Copy every entry word for word, but skip the pictures.

- [Short web captions]:
------
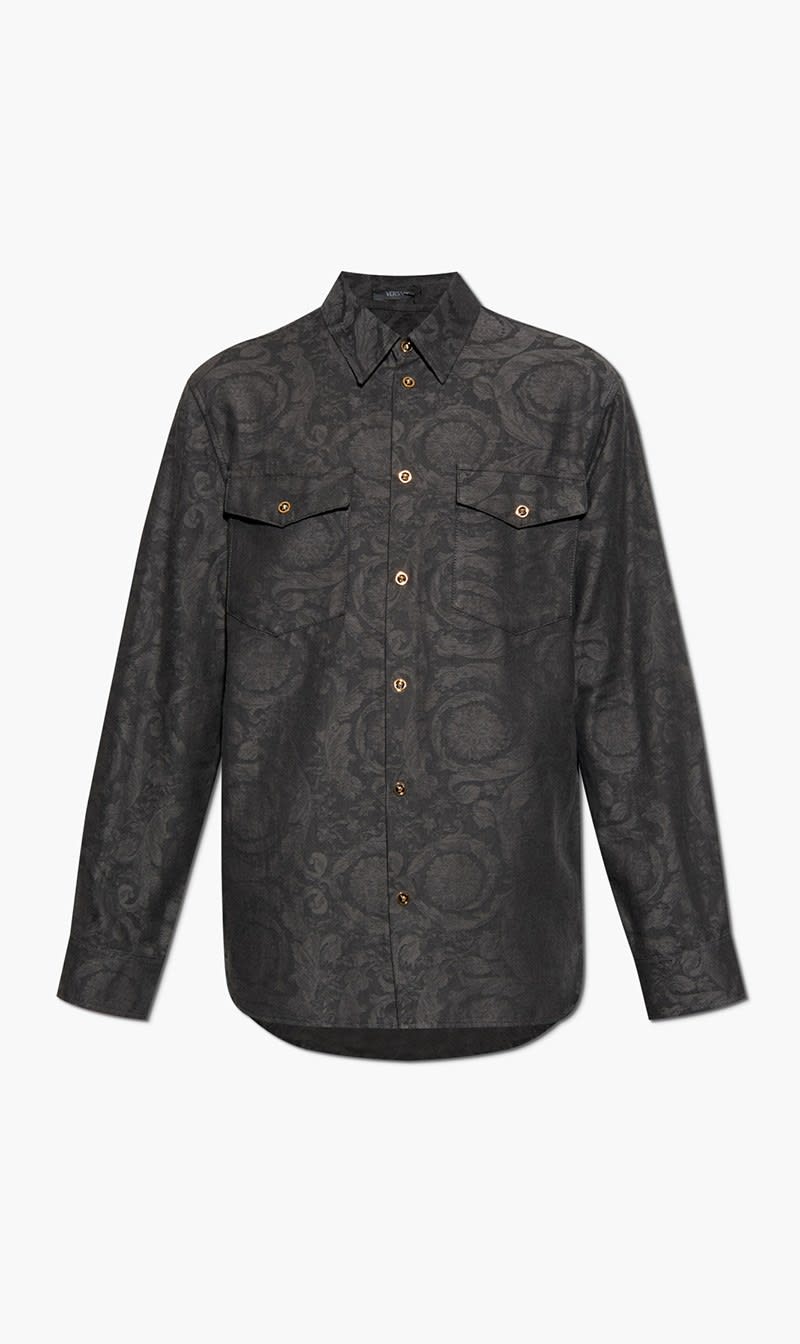 

Versace Black Shirt Denim Chambray Cotton Viscose Barocco Jacquard for Men | The Deal Outlet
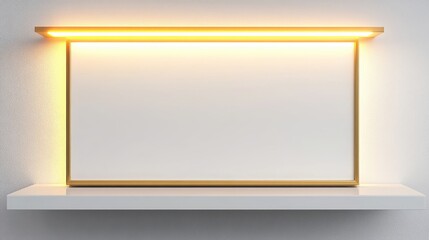 Obraz premium White Shelf with Gold Frame and LED Light for Mockup Product Display Minimalist Design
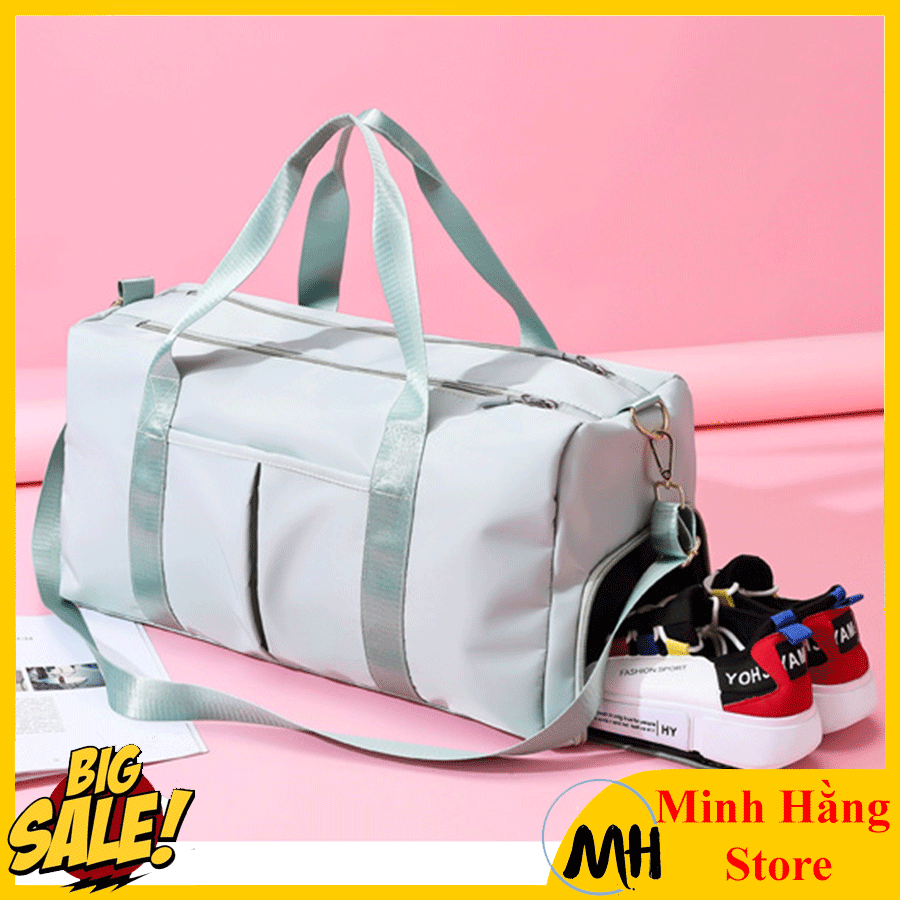 Túi xách du lịch chống thấm nước size lớn có ngăn để giày - túi trống đa năng tích hợp được vali kéo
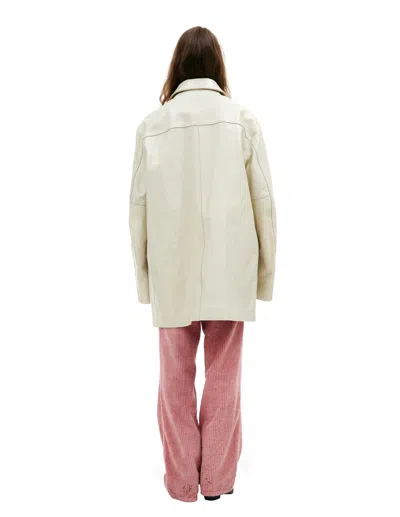 Our Legacy Single-breasted Leather Coat In Neutral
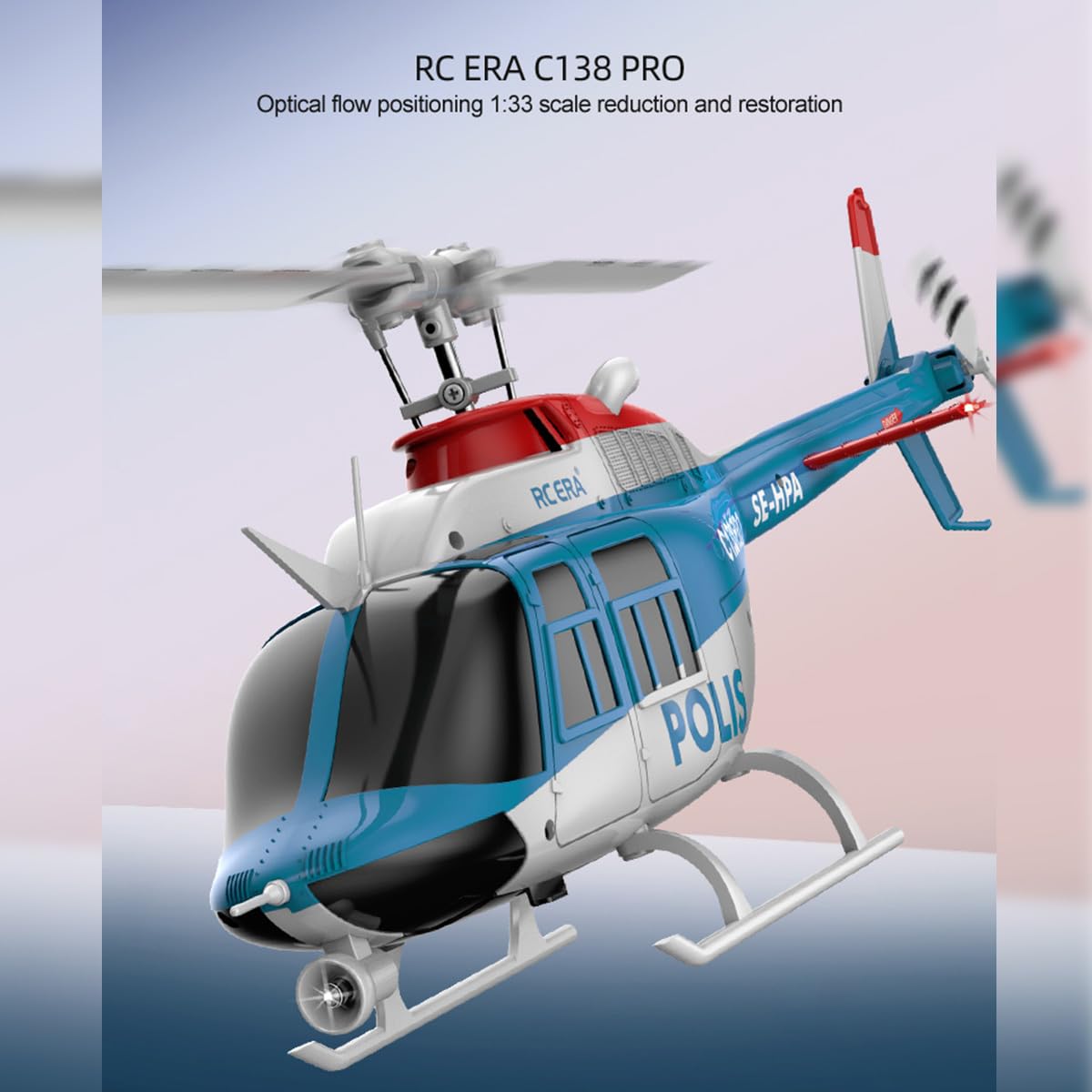 C138 PRO 1/33 Scala RC Elicottero, Bell 206 2,4 G 6 CH elicottero a rotore singolo senza flybar, volo inverso a un pulsante, per adulti e utenti avanzati (RTF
------
- [Output]:
Versace Black Shirt Denim Chambray Cotton Viscose Barocco Jacquard for Men | The Deal Outlet
 Obraz premium White Shelf with Gold Frame and LED Light for Mockup Product Display Minimalist Design
 Túi xách du lịch chống thấm nước size lớn có ngăn để giày - túi trống đa năng tích hợp được vali kéo
 Our Legacy Single-breasted Leather Coat In Neutral
 C138 PRO 1/33 Scala RC Elicottero, Bell 206 2,4 G 6 CH elicottero a rotore singolo senza flybar, volo inverso a un pulsante, per adulti e utenti avanzati (RTF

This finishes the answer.